The SCUT research team has proposed a method for building compact and high accuracy MQDF classifier. Quadratic classifier with modified quadratic discriminant function (MQDF) has been successfully applied to recognition of handwritten characters to achieve very high performance. However, for large category classification problem such as Chinese character recognition, the storage of the parameters for the MQDF classifier is usually too large to make it practical to be embedded in the memory limited hand-held devices. A method by combining linear discriminant analysis and subspace distribution sharing is proposed by SCUT team to greatly compress the storage of the MQDF classifier from 76.4MB to 2.06MB, while the recognition accuracy still remains above 97%, with only 0.88% accuracy loss. The block diagram of the proposed approach is shown in figure 1. The original parameter space is mapped into multiple subspaces by splitting the feature dimension. A uniform distribution for the subspaces is then found by the clustering process. By using a small set of prototypes clustered from the original subspaces to represent the uncompressed sub-vectors, the storage of the MQDF parameters is greatly compressed.

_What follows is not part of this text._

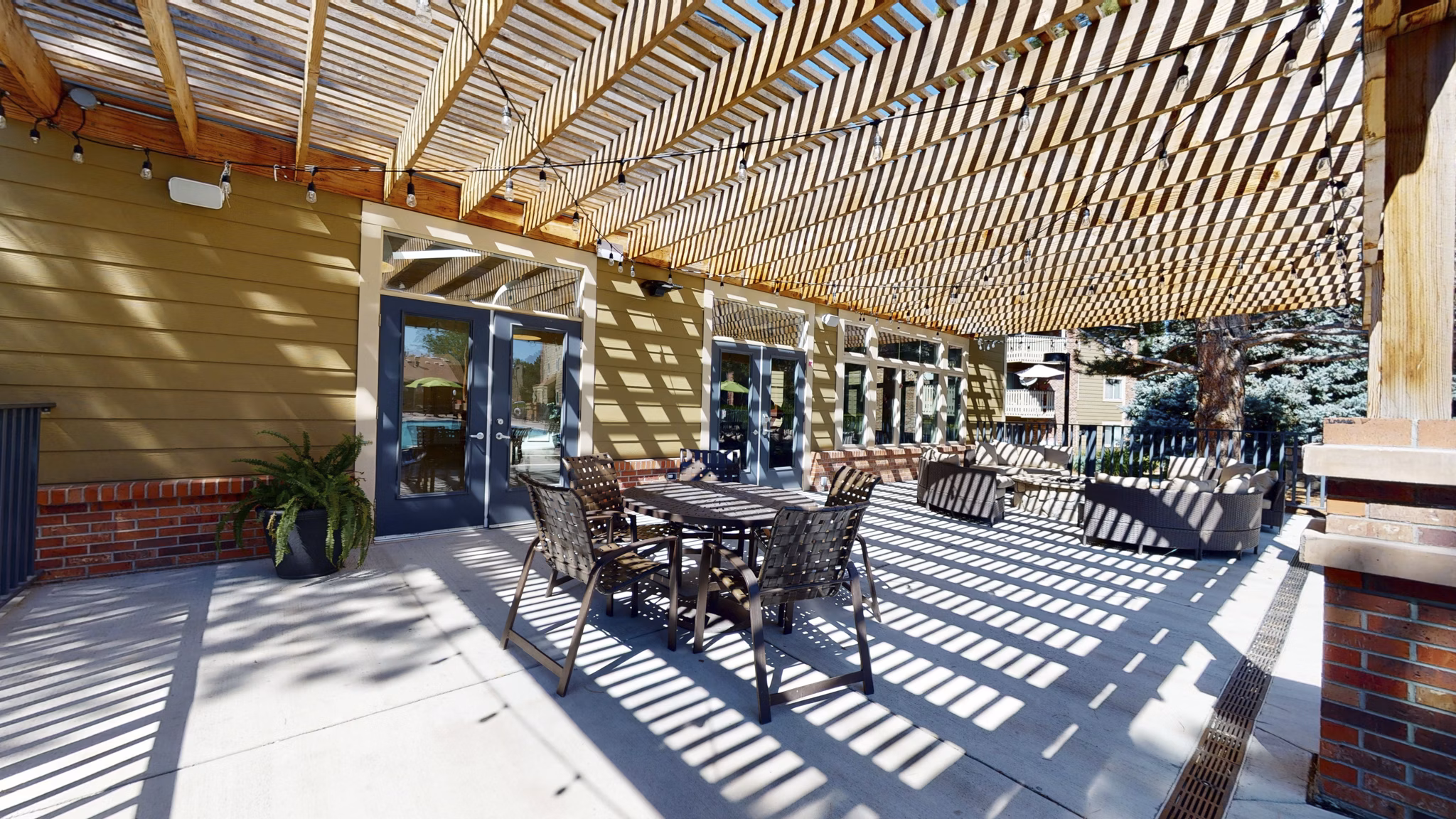 Glen at the Park Apartments: Cozy patio with outdoor seating and greenery, offering a relaxing retreat for residents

By seeking for the optimal tradeoff curves between parameter size and recognition accuracy, some sets of parameter settings are discovered to form the optimal compact dictionary for MQDF parameters. To the best of our knowledge, no other research has attempted to solve the storage problem of the MQDF classifier for large scale character set recognition. The fast recognition speed (1.8ms/char for PC and 64ms/char for Pocket PC) and compact dictionary size (2.06MB) make the high accuracy MQDF classifier become practical for memory limited hand-held devices such as PDAs, mobile phones and Pocket PCs.

A paper that reports this research results has been accepted to apear in Pattern Recognition, a famous international jounal with SCI impact factor more than 2.0.